Ho visto scolpiti in bassorilievo su certe stele anche dei pesci, mi parevano coppie di delfini.  Creature dell’acqua mediterranea, dalla cui spuma è sorta Afrodite. La siriaca Atargatis, spesso raffigurata con la coda di sirena, è una dea pesce, che viaggiando al seguito dei mercanti fu ellenizzata e assimilata ad Afrodite. Quest’ultima, come il suo doppio latino, nella mitologia è associata anche alle creature marine. Le Metamorfosi, ad esempio, riferiscono che per sfuggire al mostro Tifone, Afrodite trasformò se stessa e il piccolo Eros che stringeva tra le braccia in due pesci, tuffandosi poi nell’Eufrate.


Insomma, la trama è fittissima, si stende su territori  in gran parte inesplorati  e compone un disegno che rende risibile e anche un po’ meschina la nomea di Aphrodisias città licenziosa.
Possiamo invece, e piuttosto, visitarla considerandola l’approdo, accuratamente mimetizzato, di un percorso che parte dalle oscure profondità di precedenti culti anatolici, sumerici, fenici, egizi, ittiti della Grande Madre,  cardine dell’assetto sociale e religioso matriarcale. Una via che  conduce per passaggi sempre più ostruiti  al sacro recinto di Afrodite ( sacer significa separato, e ciò che viene tenuto lontano è il profano), al tempio dove le ierodule celebravano rituali sessuali di origine antichissima, frettolosamente etichettati dai censori dell’ordine patriarcale come orgiastici.
 Di fatto questa condanna, comminata già in epoca ellenica con tutte le possibili reazioni scandalizzate, era semplicemente uno dei modi per svilire la Dea Madre e per troncare con un passato remoto in cui  il rituale sessuale era strumento di percezione della Natura, di evocazione e appropriazione delle sue energie primordiali, di  mezzo per rafforzare l’unità e la solidarietà dei viventi e per attirare fertilità  e protezione sulle comunità degli umani. 

Pavese in uno dei Dialoghi fa dire a Iasone, che parla con la ierodula Melita scesa dal tempio di Afrodite a Corinto nella dimora del vecchio re, condottiero della spedizione degli Argonauti per la conquista del vello d’oro: “Piccola Melita tu sei del tempio. E non sapete che nel tempio – il vostro – l’uomo sale per essere dio almeno un giorno, almeno un’ora, per giacere con voi come foste la dea?” 
La piccola sacra prostituta non è dunque una reietta professionista del sesso a pagamento.

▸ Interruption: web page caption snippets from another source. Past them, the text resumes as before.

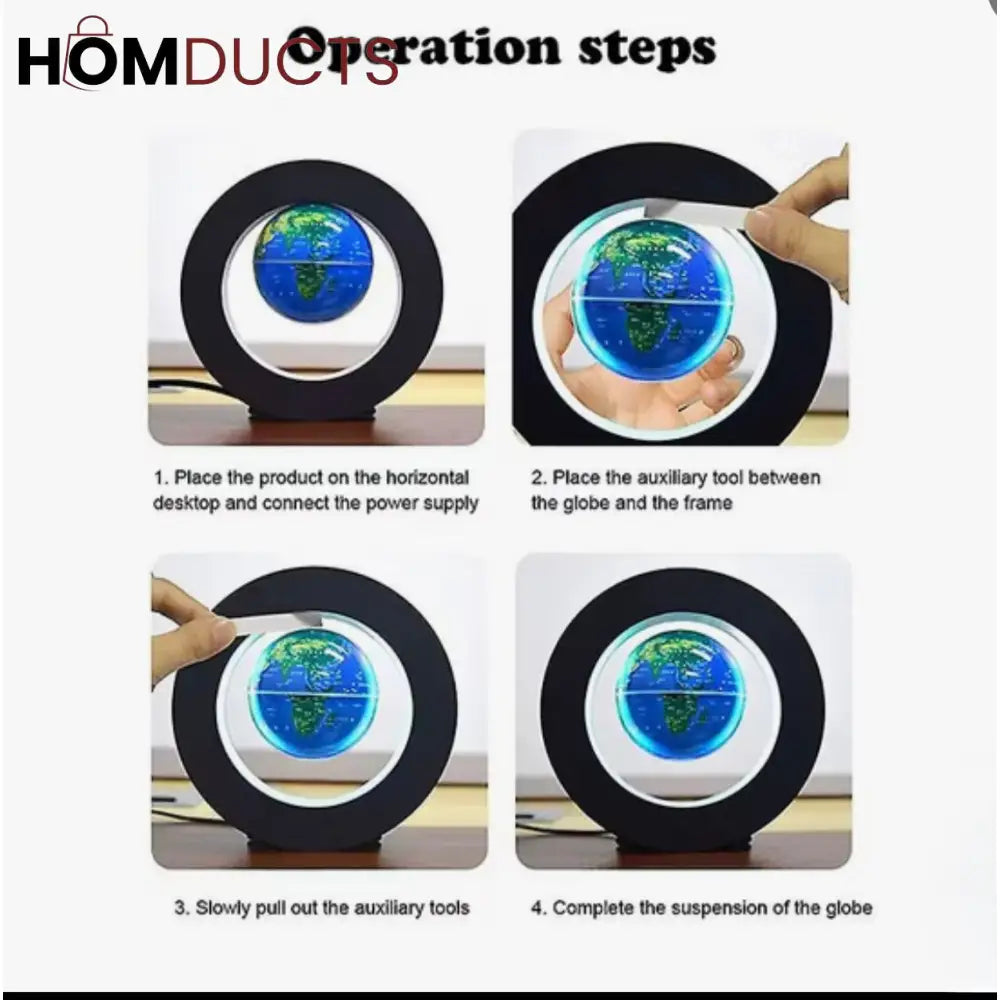 Levitating LED Magnetic Globe – Floating World Map Desk Decor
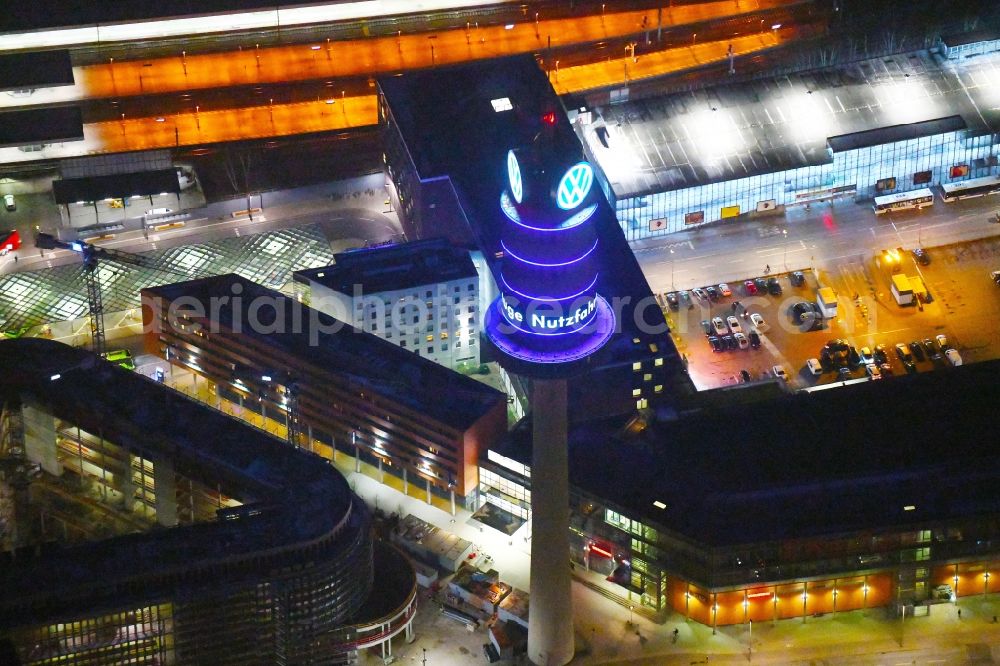 Aerial photograph at night Hannover - Night lighting Television Tower VW-Turm on Hamburger Allee in Hannover in the state Lower Saxony, Germany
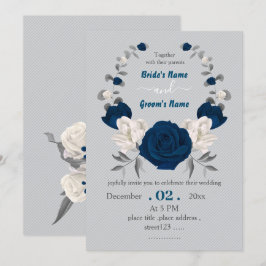 Invitación boda de flores botánicas azul marino y blanco
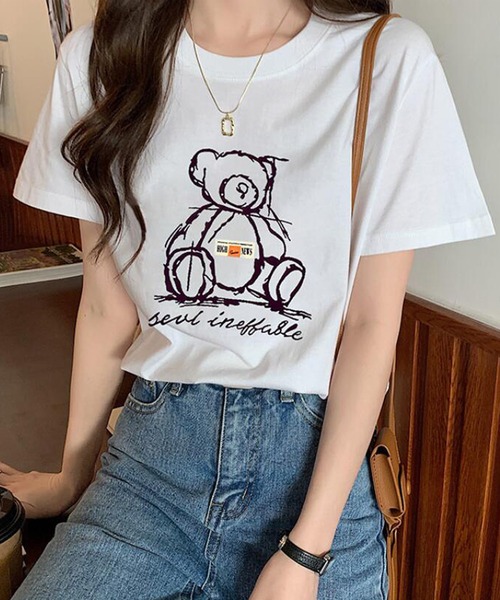 Bifrost(ビフレスト)の「くまプリントTシャツ(Tシャツ/カットソー・レディース・ホワイト/ブラック・L/M)」の6枚目の写真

E’al servizio diretto di Afrodite, che durante la visita di Aphrodisias raccomando di percepire come una delle molteplici forme della Dea-madre anatolica, egea e mediterranea primordiale.  
Il nome della ierodula, infine, riecheggia il nome Mylitta, che è quello con cui gli  antichi Assiri chiamavano Afrodite: “…anche tu sei la dea”, le dice Iasone, e a Occidente c’è un’isola che porta il suo stesso nome, Melita dove si trova un gran santuario della dea. Quell’isola oggi si chiama Malta ed è scrigno prezioso di reperti archeologici che ci riconducono alla preistoria femminile del divino.